Dan bahan yang ketiga, ialah mikoriza itu sendiri, lanjut Dr. Anton. Mikoriza sendiri bisa didapatkan dengan cara isolasi sendiri atau bisa dibeli dengan harga 30 ribu sampai 50 ribu. Tergantung kualitas spora isolat mikoriza itu sendiri.

Dr. Anton menjelaskan, memilih jagung sebagai Tanaman yang paling tepat sebagai inang bagi mikoriza karena ukuran akarnya pas, selanjutnya  pada saat penanaman 2-3 cm di bawah biji jagung.

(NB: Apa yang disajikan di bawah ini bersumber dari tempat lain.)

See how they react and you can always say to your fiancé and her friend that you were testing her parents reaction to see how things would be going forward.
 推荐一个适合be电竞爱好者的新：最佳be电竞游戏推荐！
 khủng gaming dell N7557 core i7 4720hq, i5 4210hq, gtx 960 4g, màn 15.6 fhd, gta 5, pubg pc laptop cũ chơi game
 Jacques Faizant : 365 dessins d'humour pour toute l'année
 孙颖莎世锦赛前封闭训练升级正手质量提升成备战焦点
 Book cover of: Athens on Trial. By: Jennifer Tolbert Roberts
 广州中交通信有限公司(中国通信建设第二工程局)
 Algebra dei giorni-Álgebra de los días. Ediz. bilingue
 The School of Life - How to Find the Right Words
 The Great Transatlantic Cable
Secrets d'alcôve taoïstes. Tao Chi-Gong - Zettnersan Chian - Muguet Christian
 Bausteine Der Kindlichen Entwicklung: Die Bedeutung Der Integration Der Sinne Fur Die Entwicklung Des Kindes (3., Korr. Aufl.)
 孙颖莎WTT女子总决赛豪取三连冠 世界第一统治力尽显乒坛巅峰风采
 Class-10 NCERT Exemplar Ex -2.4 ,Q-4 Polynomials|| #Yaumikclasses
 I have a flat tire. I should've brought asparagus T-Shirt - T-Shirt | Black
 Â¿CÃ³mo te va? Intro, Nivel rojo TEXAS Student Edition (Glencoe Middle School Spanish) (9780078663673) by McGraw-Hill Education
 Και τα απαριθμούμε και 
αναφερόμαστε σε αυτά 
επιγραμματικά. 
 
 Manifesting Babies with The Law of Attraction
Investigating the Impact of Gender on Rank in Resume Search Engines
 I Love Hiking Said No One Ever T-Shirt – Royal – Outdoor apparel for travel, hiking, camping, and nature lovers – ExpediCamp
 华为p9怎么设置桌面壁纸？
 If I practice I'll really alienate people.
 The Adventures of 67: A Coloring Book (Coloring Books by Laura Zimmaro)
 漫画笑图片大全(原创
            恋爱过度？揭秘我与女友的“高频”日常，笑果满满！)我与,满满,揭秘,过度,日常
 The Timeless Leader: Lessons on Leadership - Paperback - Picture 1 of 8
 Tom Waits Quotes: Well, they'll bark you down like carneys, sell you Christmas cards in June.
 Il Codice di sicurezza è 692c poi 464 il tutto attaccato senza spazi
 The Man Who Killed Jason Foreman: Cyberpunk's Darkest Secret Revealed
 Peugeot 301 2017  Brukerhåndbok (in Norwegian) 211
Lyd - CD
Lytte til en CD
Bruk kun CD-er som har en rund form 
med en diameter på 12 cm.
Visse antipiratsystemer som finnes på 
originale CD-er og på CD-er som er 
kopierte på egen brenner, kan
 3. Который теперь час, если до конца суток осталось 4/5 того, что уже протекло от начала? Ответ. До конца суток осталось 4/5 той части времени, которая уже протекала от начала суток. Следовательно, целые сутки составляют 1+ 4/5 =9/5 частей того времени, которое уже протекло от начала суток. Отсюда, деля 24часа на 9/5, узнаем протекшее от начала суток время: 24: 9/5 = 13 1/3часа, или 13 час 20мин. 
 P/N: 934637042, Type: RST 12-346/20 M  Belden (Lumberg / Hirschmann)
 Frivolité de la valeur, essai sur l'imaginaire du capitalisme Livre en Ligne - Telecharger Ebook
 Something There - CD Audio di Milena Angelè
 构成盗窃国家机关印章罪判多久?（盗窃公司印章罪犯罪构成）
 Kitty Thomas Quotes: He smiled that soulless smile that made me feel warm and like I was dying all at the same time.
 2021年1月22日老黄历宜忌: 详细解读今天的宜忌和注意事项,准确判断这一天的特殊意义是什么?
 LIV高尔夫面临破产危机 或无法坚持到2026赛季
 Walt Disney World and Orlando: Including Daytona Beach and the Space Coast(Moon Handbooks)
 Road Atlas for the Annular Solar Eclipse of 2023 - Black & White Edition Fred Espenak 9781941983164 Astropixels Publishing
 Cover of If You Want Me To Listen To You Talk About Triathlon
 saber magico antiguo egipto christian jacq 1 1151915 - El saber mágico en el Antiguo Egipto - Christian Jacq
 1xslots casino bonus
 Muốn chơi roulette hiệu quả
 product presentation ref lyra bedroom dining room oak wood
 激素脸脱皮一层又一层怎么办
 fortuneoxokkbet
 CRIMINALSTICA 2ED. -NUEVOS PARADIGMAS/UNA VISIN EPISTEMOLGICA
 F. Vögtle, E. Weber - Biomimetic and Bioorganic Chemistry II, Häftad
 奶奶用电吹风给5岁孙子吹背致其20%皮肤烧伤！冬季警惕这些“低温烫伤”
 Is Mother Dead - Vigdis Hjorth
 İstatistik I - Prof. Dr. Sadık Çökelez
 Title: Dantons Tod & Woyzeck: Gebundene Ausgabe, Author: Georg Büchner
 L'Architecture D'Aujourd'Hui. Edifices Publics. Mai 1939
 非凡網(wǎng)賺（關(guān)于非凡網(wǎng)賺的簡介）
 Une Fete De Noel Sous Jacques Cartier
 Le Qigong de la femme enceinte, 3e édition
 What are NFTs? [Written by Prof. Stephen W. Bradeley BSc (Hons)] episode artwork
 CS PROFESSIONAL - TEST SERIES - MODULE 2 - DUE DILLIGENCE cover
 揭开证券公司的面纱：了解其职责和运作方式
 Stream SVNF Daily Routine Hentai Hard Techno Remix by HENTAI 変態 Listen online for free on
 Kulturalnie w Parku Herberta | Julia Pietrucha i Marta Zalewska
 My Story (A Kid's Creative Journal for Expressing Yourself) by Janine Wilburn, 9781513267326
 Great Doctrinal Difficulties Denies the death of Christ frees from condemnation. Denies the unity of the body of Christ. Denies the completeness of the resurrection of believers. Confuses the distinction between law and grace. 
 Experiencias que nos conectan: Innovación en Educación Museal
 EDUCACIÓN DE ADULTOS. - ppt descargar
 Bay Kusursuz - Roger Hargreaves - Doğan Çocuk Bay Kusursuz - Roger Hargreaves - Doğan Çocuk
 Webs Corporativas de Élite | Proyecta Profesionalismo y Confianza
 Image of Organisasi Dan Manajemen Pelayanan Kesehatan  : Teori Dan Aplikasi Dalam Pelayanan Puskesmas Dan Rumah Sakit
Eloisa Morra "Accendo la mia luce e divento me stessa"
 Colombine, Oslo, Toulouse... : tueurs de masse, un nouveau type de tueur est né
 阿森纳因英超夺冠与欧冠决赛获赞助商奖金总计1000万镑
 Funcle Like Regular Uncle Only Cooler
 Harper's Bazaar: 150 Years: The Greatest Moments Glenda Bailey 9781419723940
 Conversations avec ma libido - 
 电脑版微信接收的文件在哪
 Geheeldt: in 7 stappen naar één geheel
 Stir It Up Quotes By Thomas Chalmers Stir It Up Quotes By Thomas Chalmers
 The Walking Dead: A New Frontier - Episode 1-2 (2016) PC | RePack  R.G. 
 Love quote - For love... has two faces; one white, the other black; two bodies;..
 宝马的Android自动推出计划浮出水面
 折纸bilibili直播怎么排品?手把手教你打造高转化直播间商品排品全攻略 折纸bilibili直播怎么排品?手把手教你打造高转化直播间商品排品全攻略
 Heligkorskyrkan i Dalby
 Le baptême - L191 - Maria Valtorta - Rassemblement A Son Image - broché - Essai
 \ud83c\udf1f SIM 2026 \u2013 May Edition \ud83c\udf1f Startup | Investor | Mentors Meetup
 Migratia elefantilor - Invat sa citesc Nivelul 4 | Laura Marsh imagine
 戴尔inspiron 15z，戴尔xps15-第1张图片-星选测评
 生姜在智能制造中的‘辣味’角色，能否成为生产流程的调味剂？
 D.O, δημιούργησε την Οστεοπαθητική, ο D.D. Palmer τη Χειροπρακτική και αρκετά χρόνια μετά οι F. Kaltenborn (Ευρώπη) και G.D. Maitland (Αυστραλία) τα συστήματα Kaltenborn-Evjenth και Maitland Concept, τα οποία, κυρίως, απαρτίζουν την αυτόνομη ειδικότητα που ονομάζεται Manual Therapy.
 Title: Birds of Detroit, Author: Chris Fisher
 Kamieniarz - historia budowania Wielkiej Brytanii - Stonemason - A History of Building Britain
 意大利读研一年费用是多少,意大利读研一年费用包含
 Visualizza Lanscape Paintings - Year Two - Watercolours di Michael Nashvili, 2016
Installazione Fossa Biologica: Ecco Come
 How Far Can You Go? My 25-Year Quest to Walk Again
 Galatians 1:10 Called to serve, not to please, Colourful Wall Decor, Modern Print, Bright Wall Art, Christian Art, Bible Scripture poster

Ditanam seperti biasanya diatas polybag yang sudah di isi tanah dan pasir yang sudah disterilkan tadi.  Maka Setelah akar jagung tumbuh dan menyentuh mikoriza otomatis akan terinfeksi. Tutur Pria berkacamata ini

Selanjutnya, setelah 2 sampai 3 bulan  jagung tetap dibiarkan tanpa pemupukan  kita akan panen dan mendapatkan ribuan kali lipat dari jumlah mikorza awal yang ditanam, secara teoritis jika kita menabur 10 gram mikoriza pada benih jagung makan kita memperoleh 1 hingga 3 kilo mikoriza. ungkapnya

“Hasilnya mikoriza dalam jumlah besar tersebut dapat diaplikasikan dengan cara sama tadi untuk tanaman jagung atau tanaman lainnya. Karenanya, mikoriza ini berfungsi mencarikan air, mineral dan unsur hara yang dibutuhkan tanaman,” Jelas Dr. Anton

Ia pun menegaskan siap mensupport dan menyediakan isolat mikoriza yang dibutuhkan untuk diproduksi massal oleh KUB secara nasional sekaligus mendampingi dan memonitor produksinya sehingga ditangan KUB  dapat terwujud ketahanan pangan nasional.